## BRIEF
Repeat the stretch of entries below from the line with "Deluxe Silikon Dildo" through the line with "Kem Dưỡng Ẩm". Include both ends and add nothing.

## DATA PROVIDED
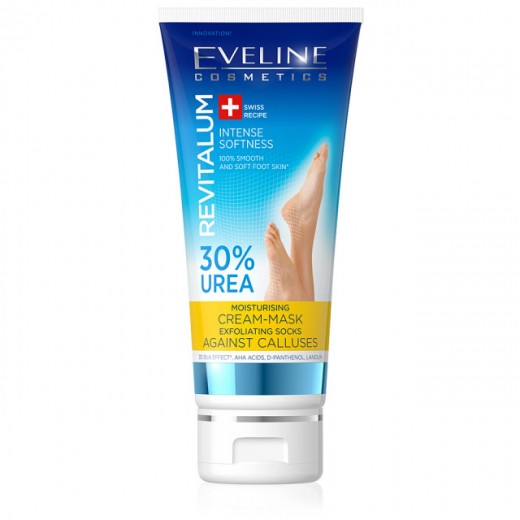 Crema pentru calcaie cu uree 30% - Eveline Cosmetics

...

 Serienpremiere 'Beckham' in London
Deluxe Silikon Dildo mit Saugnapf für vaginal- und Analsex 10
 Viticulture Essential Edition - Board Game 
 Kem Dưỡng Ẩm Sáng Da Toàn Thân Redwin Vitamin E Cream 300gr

==

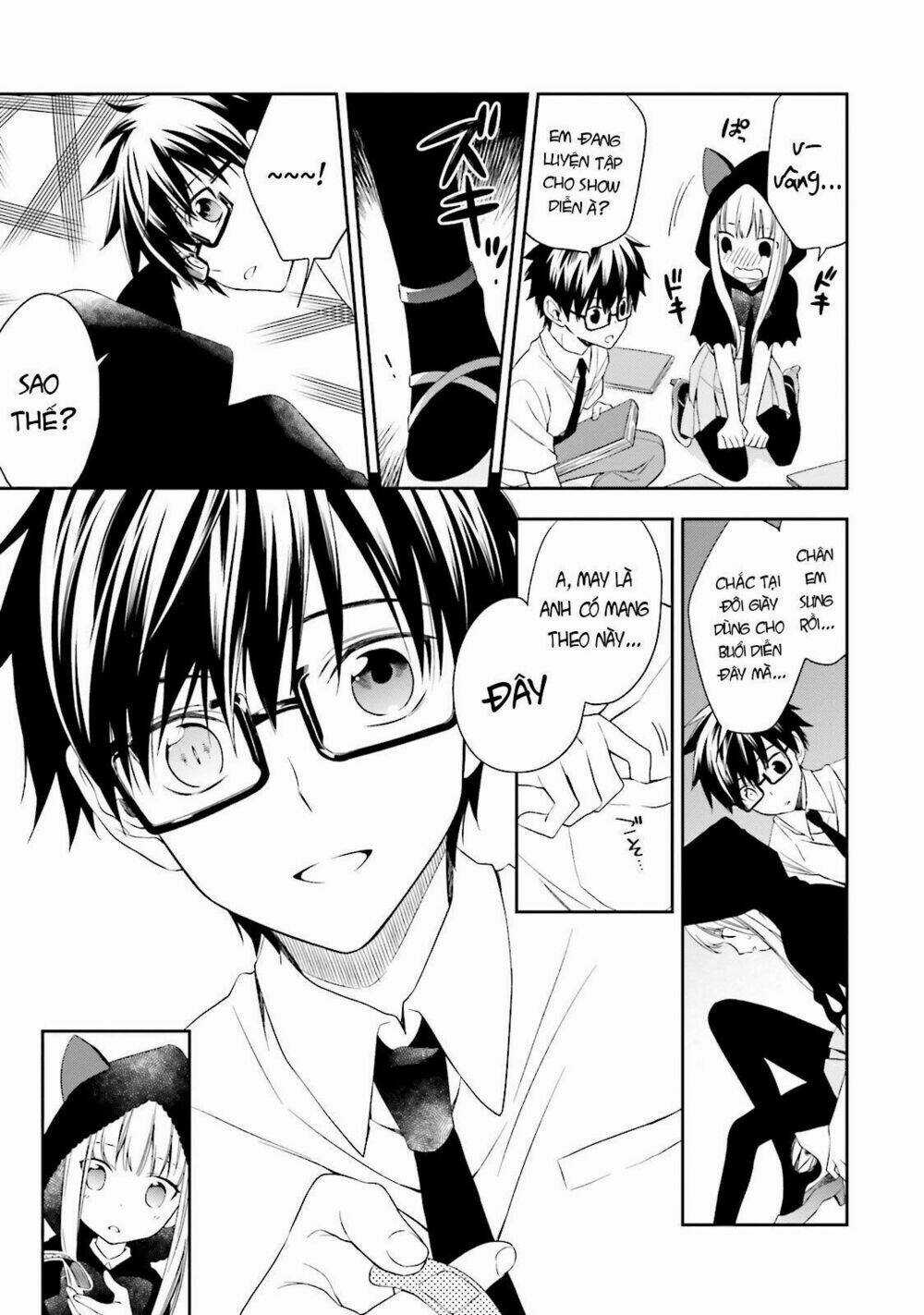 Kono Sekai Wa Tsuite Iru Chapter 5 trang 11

## REPLY TO THE EXERCISE
Deluxe Silikon Dildo mit Saugnapf für vaginal- und Analsex 10
 Viticulture Essential Edition - Board Game 
 Kem Dưỡng Ẩm Sáng Da Toàn Thân Redwin Vitamin E Cream 300gr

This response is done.